* [What to produce]
Go to the line with "To be eligible" in the entries below and write out every line from there through the line with "BANXEER ลิปสติก ลิปกลอส", exactly and without pictures.

--- --- ---

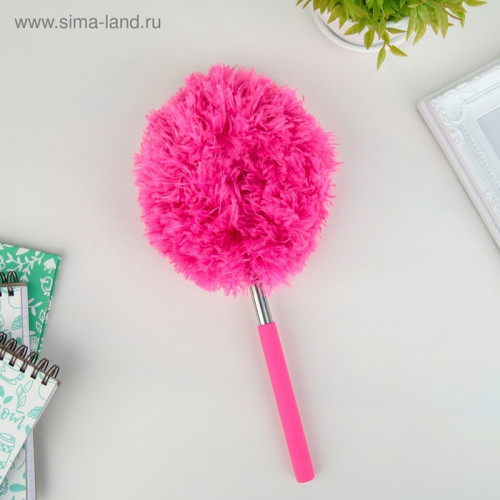 Щётка для пыли Доляна, телескопическая ручка, 25-60 см, МИКС Доляна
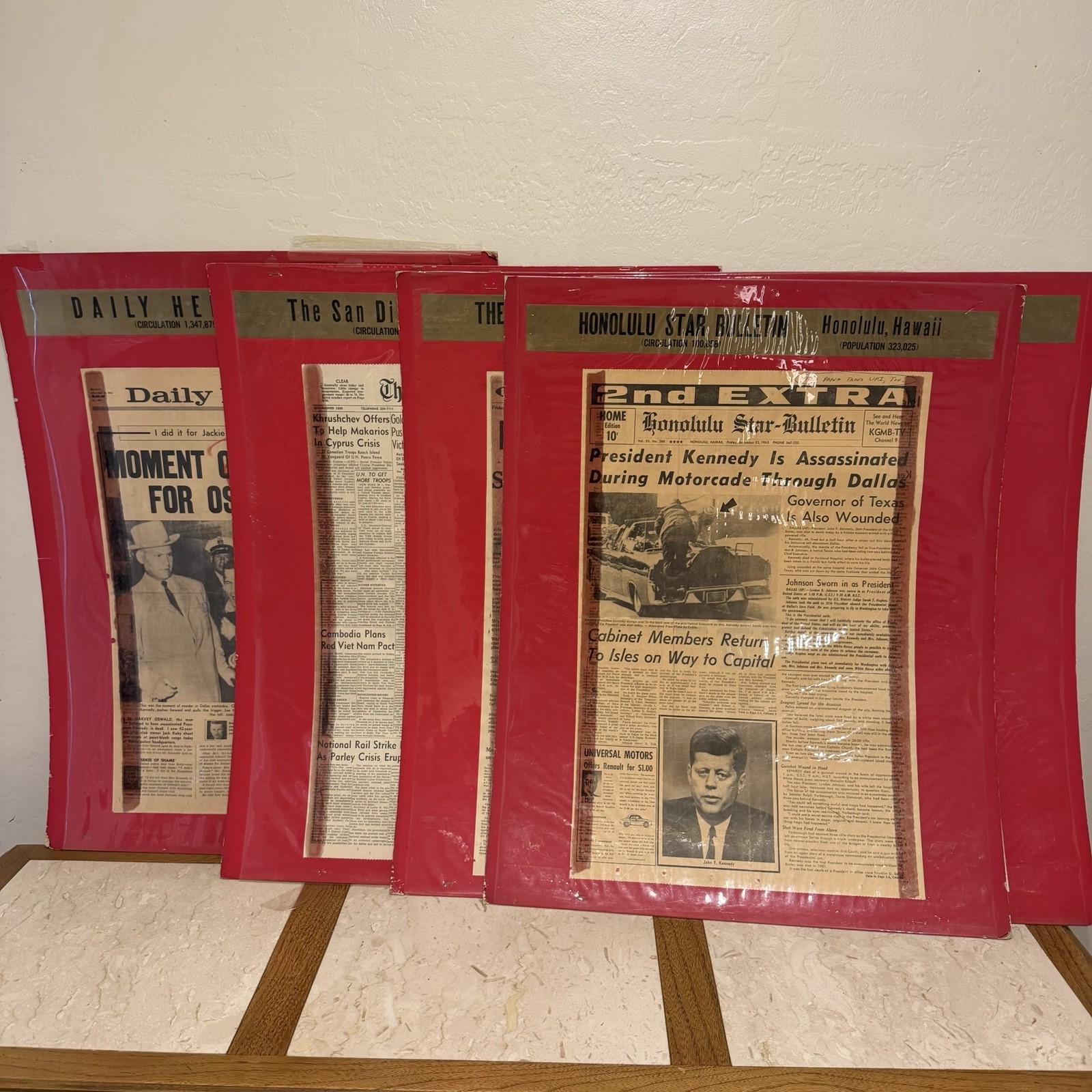 21 JFK Assassination Newspapers Around the World 1963 Kennedy Oswald Ruby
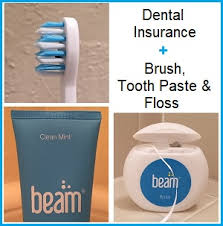 To be eligible for dental insurance, you need a certificate from your dentist confirming that your teeth are in good condition. Dental Insurance With A Toothbrush Toothpaste Floss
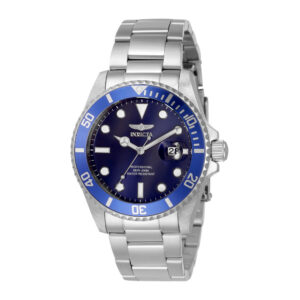 ectq37233_vni_0 jpg - Relógio Feminino de Quartzo Pro Diver, Invicta 33273, Prata e Azul -<p>Este incrível relógio Invicta da coleção Pro Diver oferece um movimento Quartz exato, com uma incrível caixa de aço. O mostrador exibe um mostrador de metal azul protegido pelo nos</p>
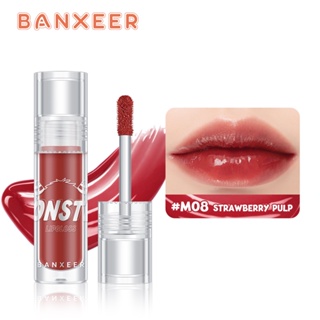 BANXEER ลิปสติก ลิปกลอส Waterproof Lipstick เพิ่มความชุ่มชื้น ติดทนนาน 8 สี -24 กรัม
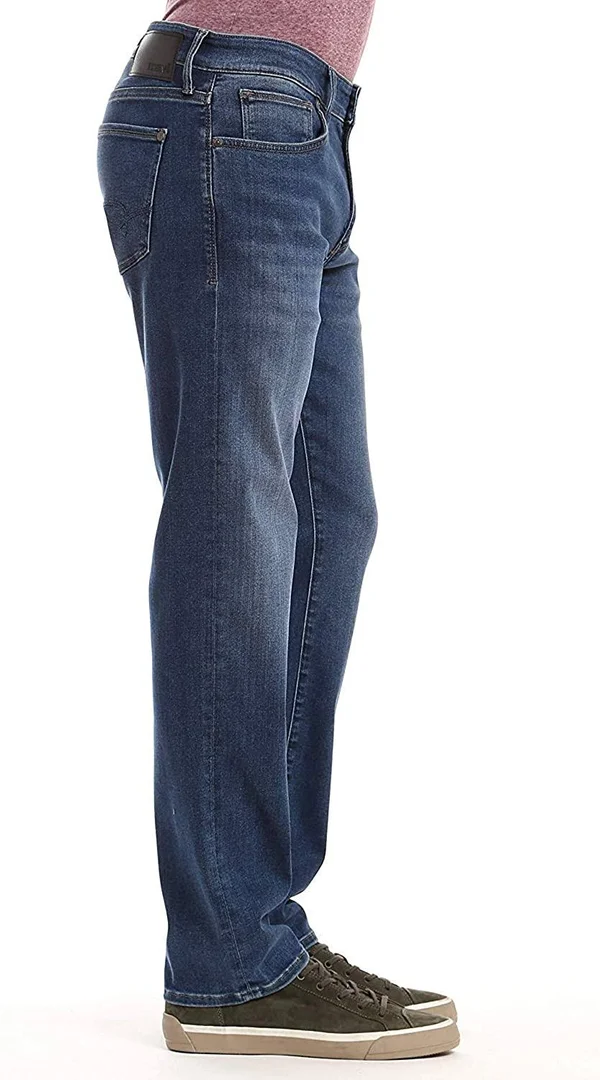 Mavi Men's Zach Straight Leg in Dark Supermove - Men's Jeans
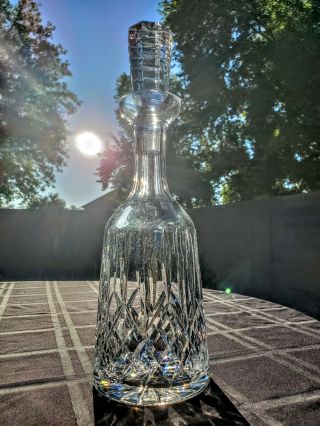 Vintage Waterford Hand - Cut Crystal Lismore Wine Decanter - Ireland - Made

--- --- ---

* [Answer box]
 To be eligible for dental insurance, you need a certificate from your dentist confirming that your teeth are in good condition. Dental Insurance With A Toothbrush Toothpaste Floss
 ectq37233_vni_0 jpg - Relógio Feminino de Quartzo Pro Diver, Invicta 33273, Prata e Azul -<p>Este incrível relógio Invicta da coleção Pro Diver oferece um movimento Quartz exato, com uma incrível caixa de aço. O mostrador exibe um mostrador de metal azul protegido pelo nos</p>
 BANXEER ลิปสติก ลิปกลอส Waterproof Lipstick เพิ่มความชุ่มชื้น ติดทนนาน 8 สี -24 กรัม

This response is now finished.